=== Supplied records ===

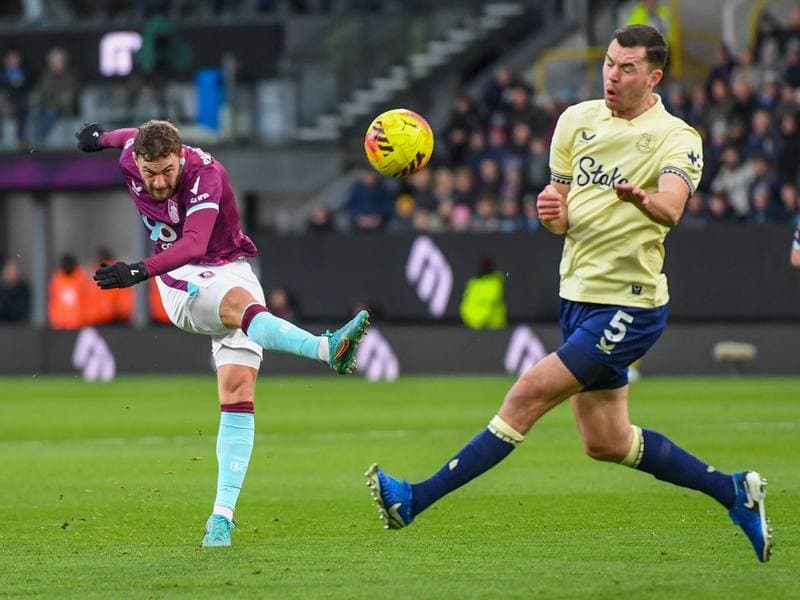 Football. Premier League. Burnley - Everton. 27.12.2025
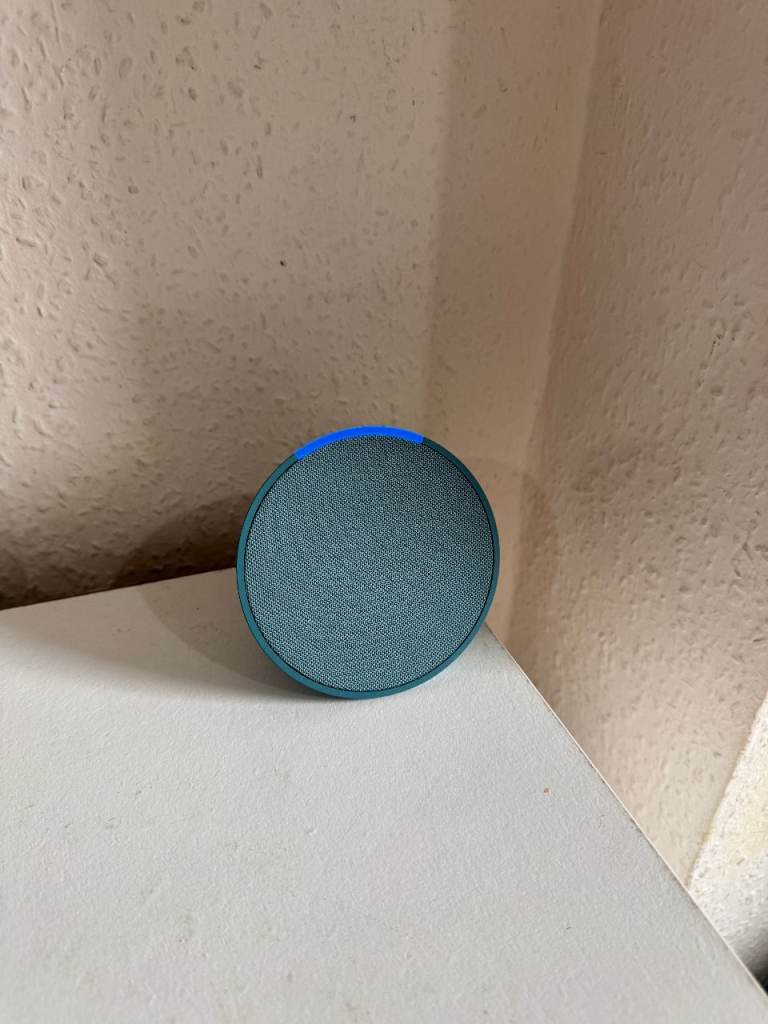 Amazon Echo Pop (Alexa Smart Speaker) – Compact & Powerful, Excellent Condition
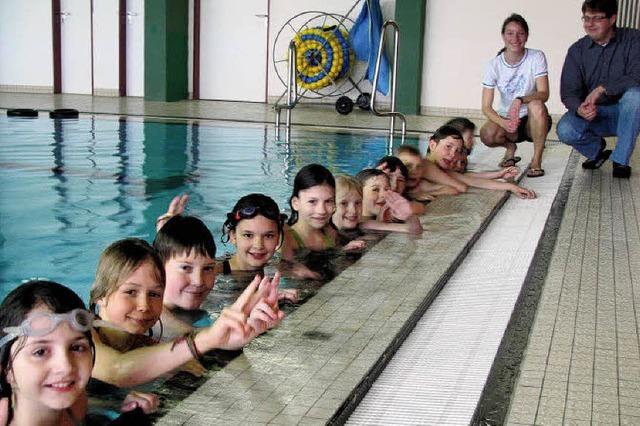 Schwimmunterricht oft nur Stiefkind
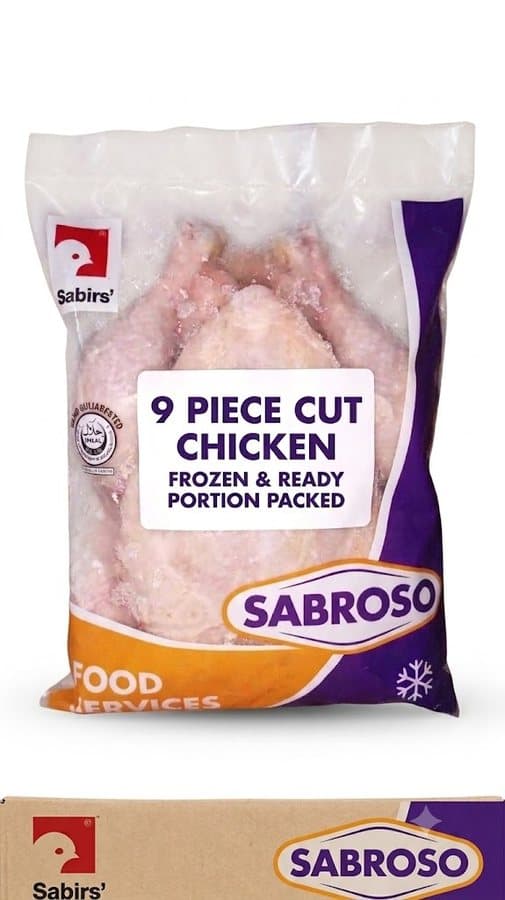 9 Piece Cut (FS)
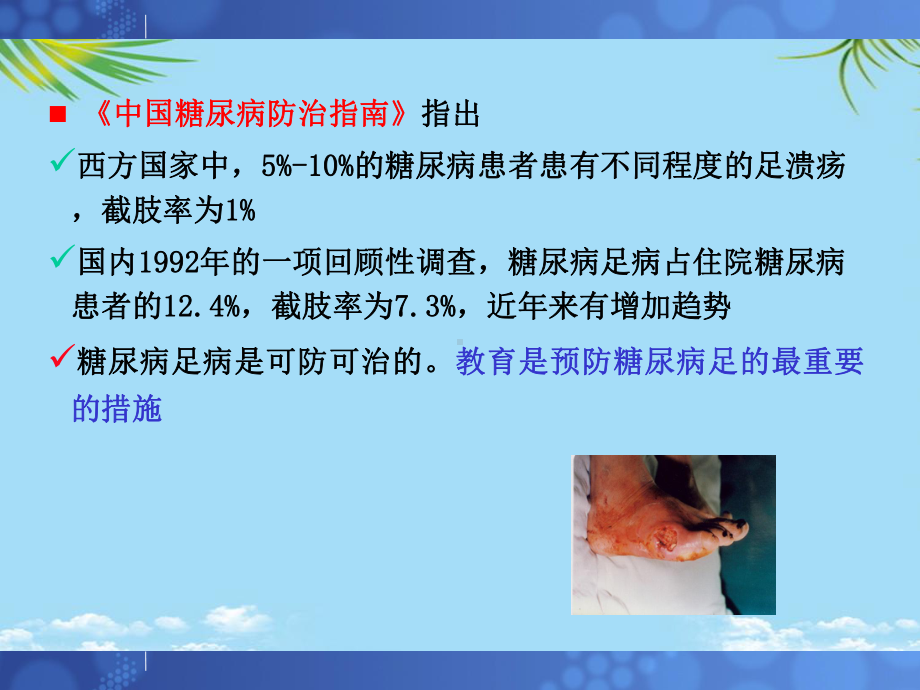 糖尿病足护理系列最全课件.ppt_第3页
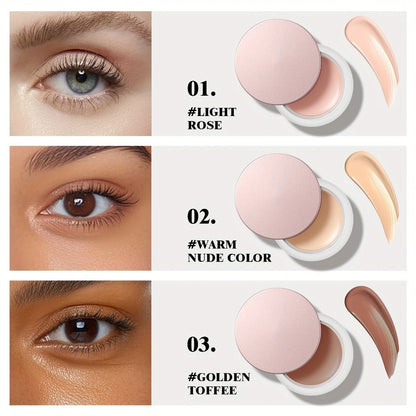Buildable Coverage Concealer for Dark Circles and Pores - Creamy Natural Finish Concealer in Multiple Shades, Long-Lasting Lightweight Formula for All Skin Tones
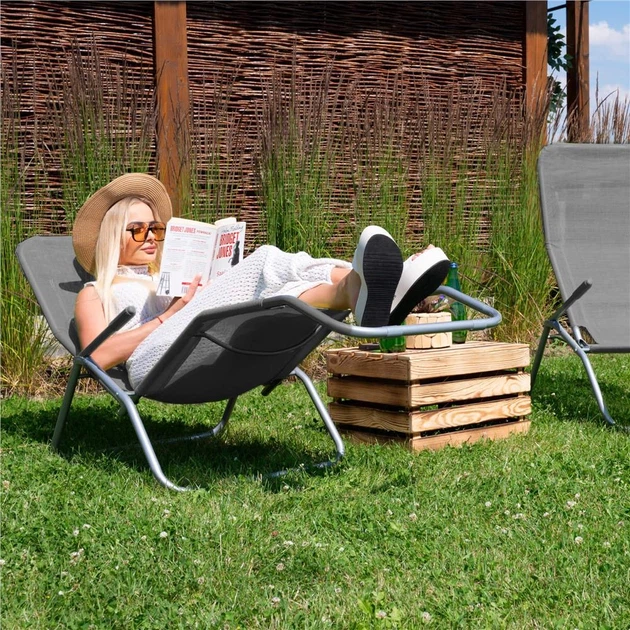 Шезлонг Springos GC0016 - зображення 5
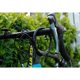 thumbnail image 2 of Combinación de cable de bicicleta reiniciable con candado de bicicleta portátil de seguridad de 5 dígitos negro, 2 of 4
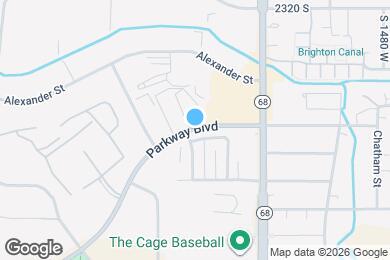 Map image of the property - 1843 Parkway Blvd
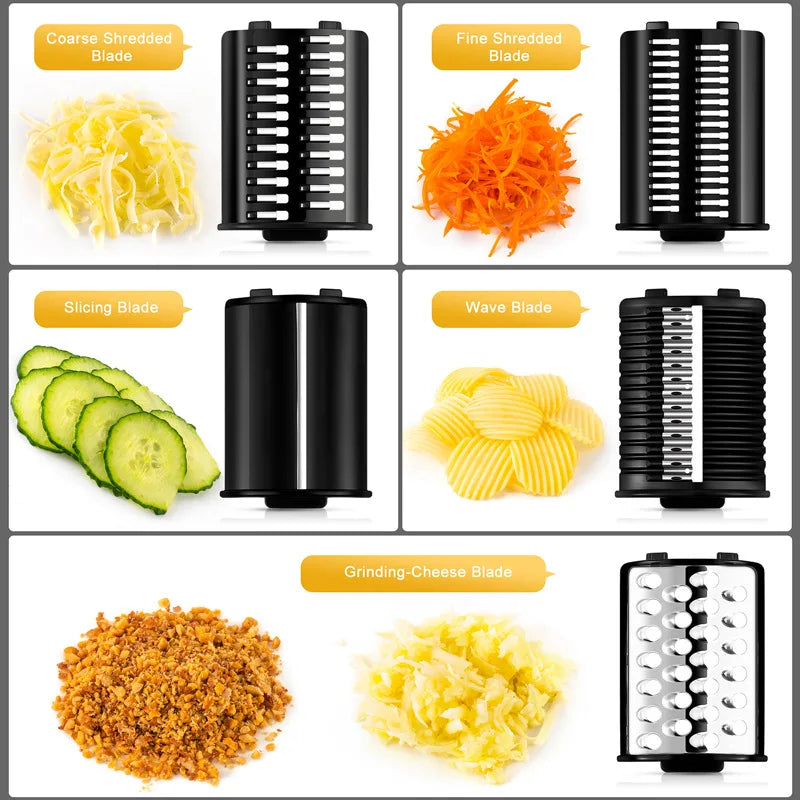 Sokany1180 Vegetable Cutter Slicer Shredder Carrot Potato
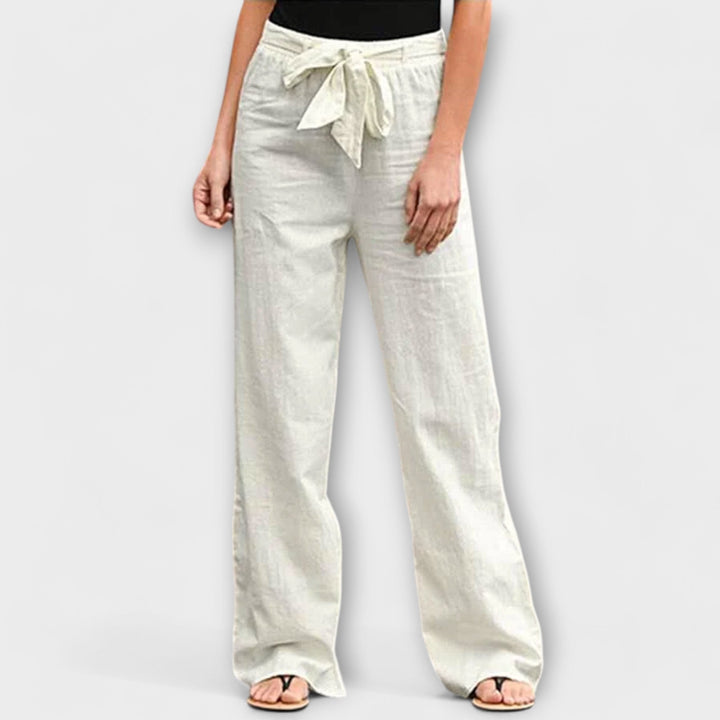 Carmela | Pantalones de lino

===

> **Your instructions**:
Transcribe the whole listing, character for character, but not its images.

> **Expected answer**:
 Football. Premier League. Burnley - Everton. 27.12.2025
 Amazon Echo Pop (Alexa Smart Speaker) – Compact & Powerful, Excellent Condition
 Schwimmunterricht oft nur Stiefkind
 9 Piece Cut (FS)
 糖尿病足护理系列最全课件.ppt_第3页
Buildable Coverage Concealer for Dark Circles and Pores - Creamy Natural Finish Concealer in Multiple Shades, Long-Lasting Lightweight Formula for All Skin Tones
 Шезлонг Springos GC0016 - зображення 5
 thumbnail image 2 of Combinación de cable de bicicleta reiniciable con candado de bicicleta portátil de seguridad de 5 dígitos negro, 2 of 4
 Map image of the property - 1843 Parkway Blvd
 Sokany1180 Vegetable Cutter Slicer Shredder Carrot Potato
 Carmela | Pantalones de lino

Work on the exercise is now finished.